I See What You See
Smart glasses, which incorporate augmented reality (AR) technology to overlay additional visual information, are currently showing their true value by enabling companies to remotely monitor systems, mentor staff and have eyes and ears on site, says Team Forward CEO Steven Wright. “We recently worked on a manufacturing plant project in Cape Town, which was established and commissioned by the lead team in New Zealand, via a team of 12 people on site, using 12 pairs of head-mounted tablets. The ‘I see what you see’ capability allowed them to commission the plant without setting foot in South Africa.”
Wright says that being able to deploy an expert remotely across several locations is a huge time and cost saver. “You can have one expert sitting off site who can talk on-site teams at multiple locations through repairs, put schematics and diagrams in front of their eyes and even draw pointers to show them what to do in real-time.”
Anthony Eva, bizAR Reality operations and creative director, says that AR training using headsets such as the Microsoft HoloLens has been used in overlaying 3D models of machinery into the real world. “These glasses understand 3D space, allowing information to be portrayed in the real world, giving a 3D instruction manual to the user. This has allowed companies to take on-the-job training to a new level.”
Eye on the market
Eva says that while the technology initially struggled to take off in the public space because of privacy concerns and technological limitations, its use is growing exponentially in industrial applications. “The consumer space is picking up again, too. New smart glasses are being developed by Apple and Samsung, and Huawei is creating glasses that act as an interface with your phone.”

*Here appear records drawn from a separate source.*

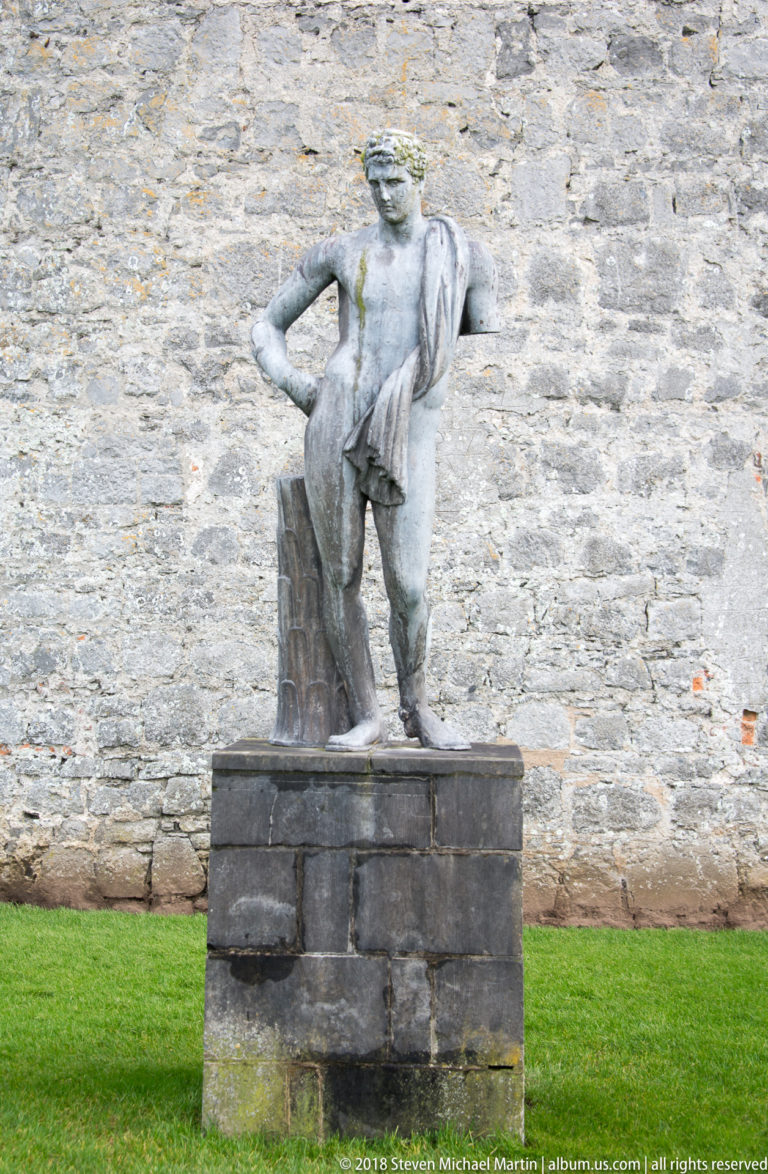 Bronze figure sculpture leaning forward on a pedestal beside a rough stone wall and closely cut green lawn.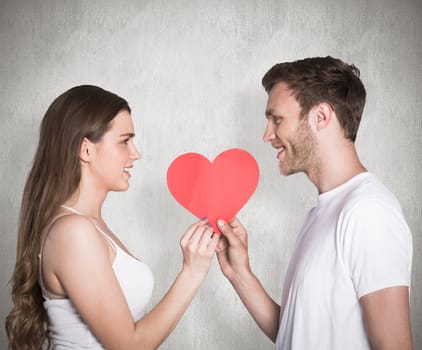 Romantic young couple holding heart against weathered surface 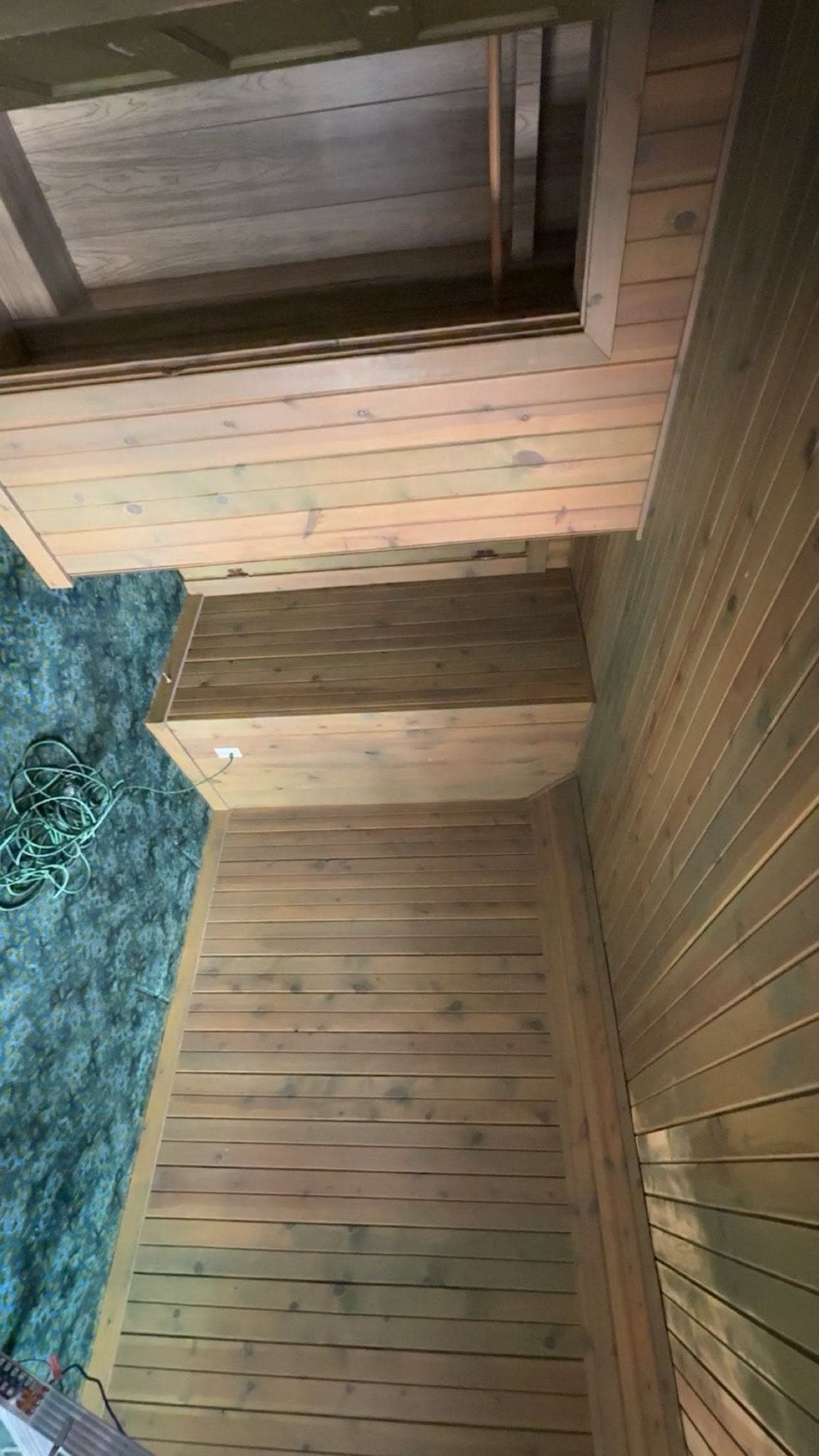 A stair and landing lined in cedar boards, looking down to a green-tiled floor below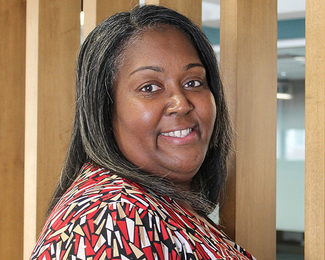 Headshot of Damara Carter, the Urban Redevelopment Authority of Pittsburgh's new Chief Financial Officer, smiling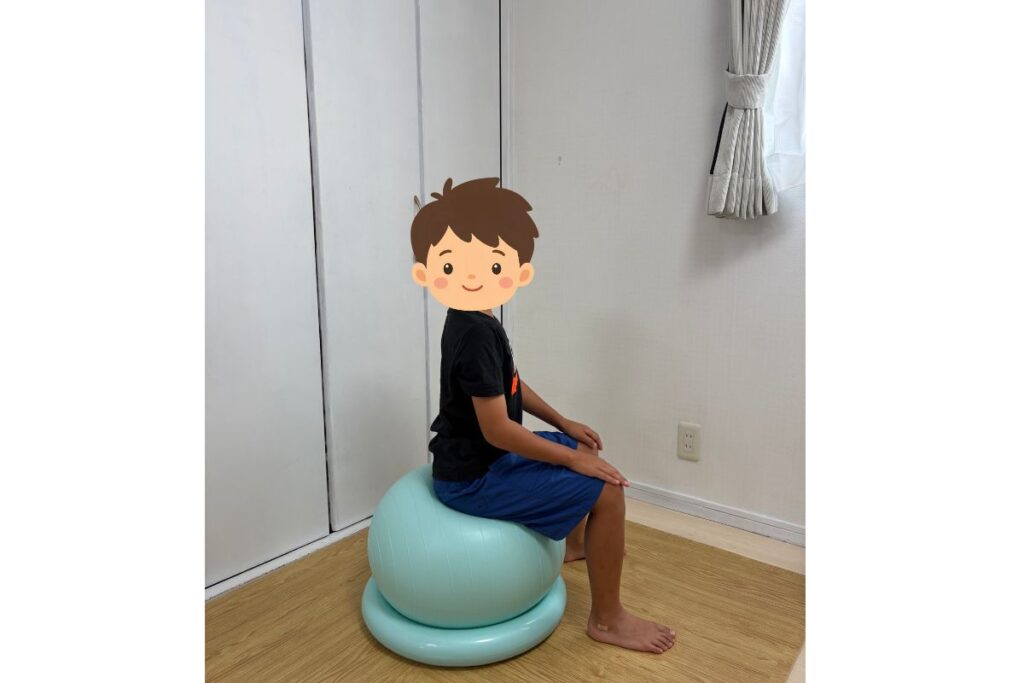 バランスボールに座って足裏が床につく様子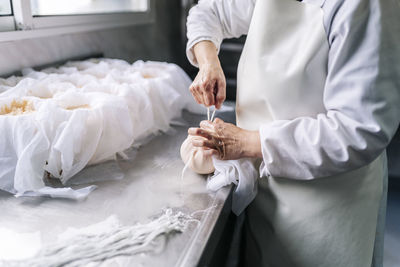 Skilled chef wrapping cheese in cloth at factory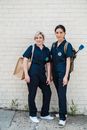 Women in Uniform Posing Together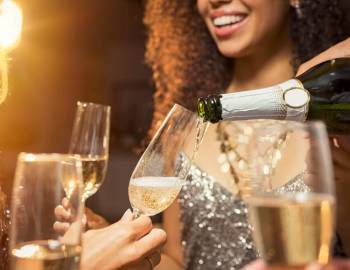 People celebrating New Year's Eve on Hilton Head Island, pouring champagne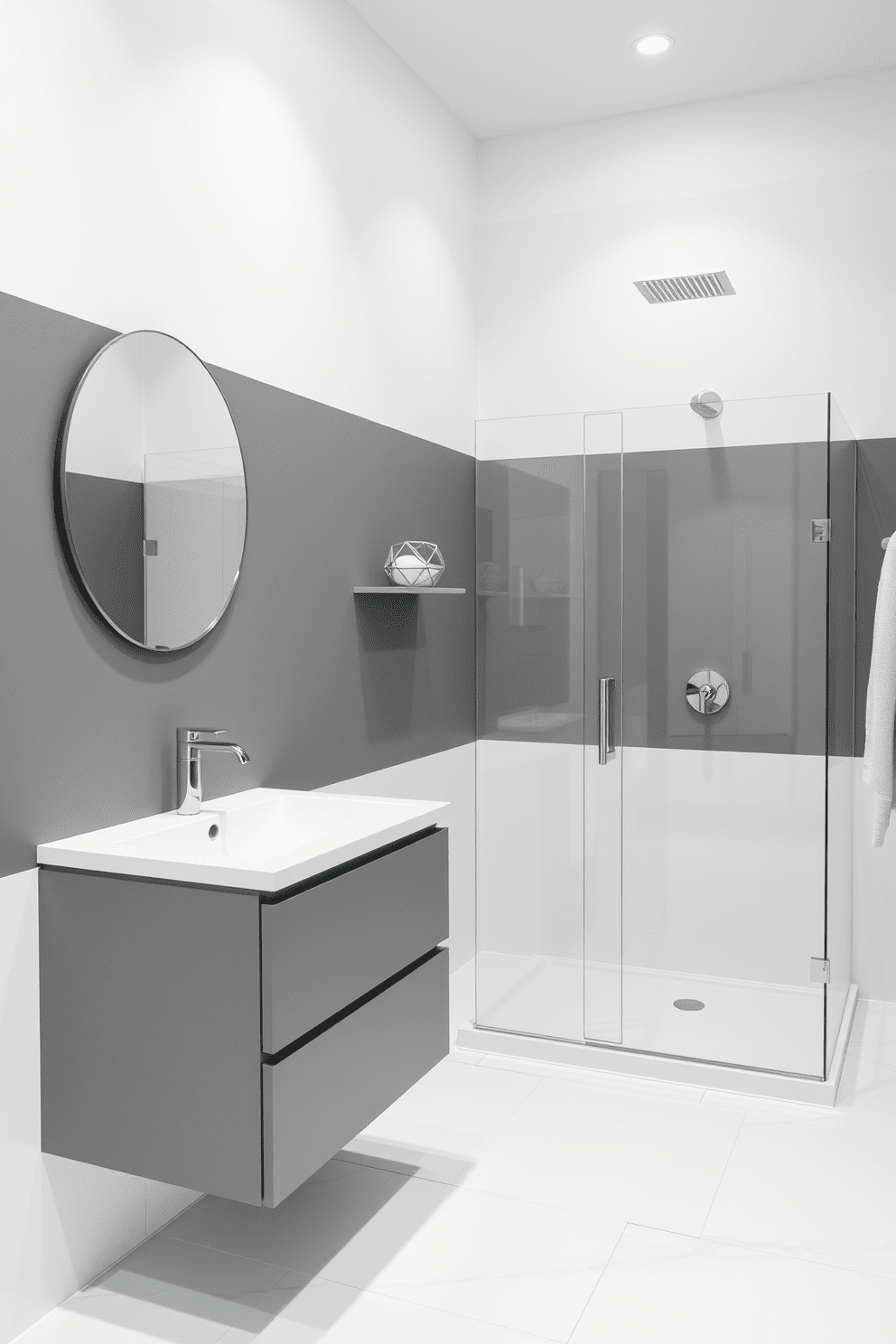 A modern gray bathroom featuring a striking color block design with alternating gray and white walls. The floor is adorned with large white tiles, and a sleek gray vanity with a white countertop is positioned against one wall. A frameless glass shower enclosure is located in the corner, showcasing a rainfall showerhead. Minimalist decor elements, such as a round mirror and geometric shelving, enhance the contemporary aesthetic.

Device cost is coming down, with decent base hardware starting at around R20 000 – a price tag that could potentially be quite easily offset by cost and time savings. While all the devices currently on the market in South Africa are imports, Wright says he also struggles to find programmers to write specific software for the devices to localise for particular applications. “The standard software is great because these companies have been refining it for years, but it would be wonderful to find more proficient locally based programmers who could produce local solutions too.”
Is it time to get a smart watch?
The perfect smartwatch doesn’t exist … yet. But these come close.
Fitbit Charge 4 (+-R2 999*). With built-in GPS, Fitbit Pay and Spotify controls added to the sleep-tracking, waterproof and heart-rate-measuring Charge 3, the Charge 4 has a battery that lasts up to seven days (with sparing GPS use) and will relay basic notifications from your phone.
Samsung Galaxy Watch 3 (from R8 995*). The Samsung Galaxy Watch 3 tracks a remarkable amount of health data while adding smartphone-level productivity in a stylish device that resembles a classic watch. The rotating bezel is a nifty navigation tool, but two-day battery life isn’t enough for everyone.
Garmin fēnix 6X Pro Solar Edition (from R17 999*). This is one of the best multisport watches around. It’s got a host of sports features and supplements a 21-day battery life with solar charging for an additional three-day boost, meaning you can head off on a three-week expedition without your charger.
Apple Watch Series 6 (from R8 999*). Series 6 adds features such as blood oxygen monitoring and an upgraded chipset to speed it up and make it more efficient. The long-awaited native sleep-tracking functionality isn’t as thorough as many had hoped – and a roughly 18-hour battery life means inevitably having to charge up before you go to bed. But the addition of Apple Fitness+ ups its appeal for fitness fans.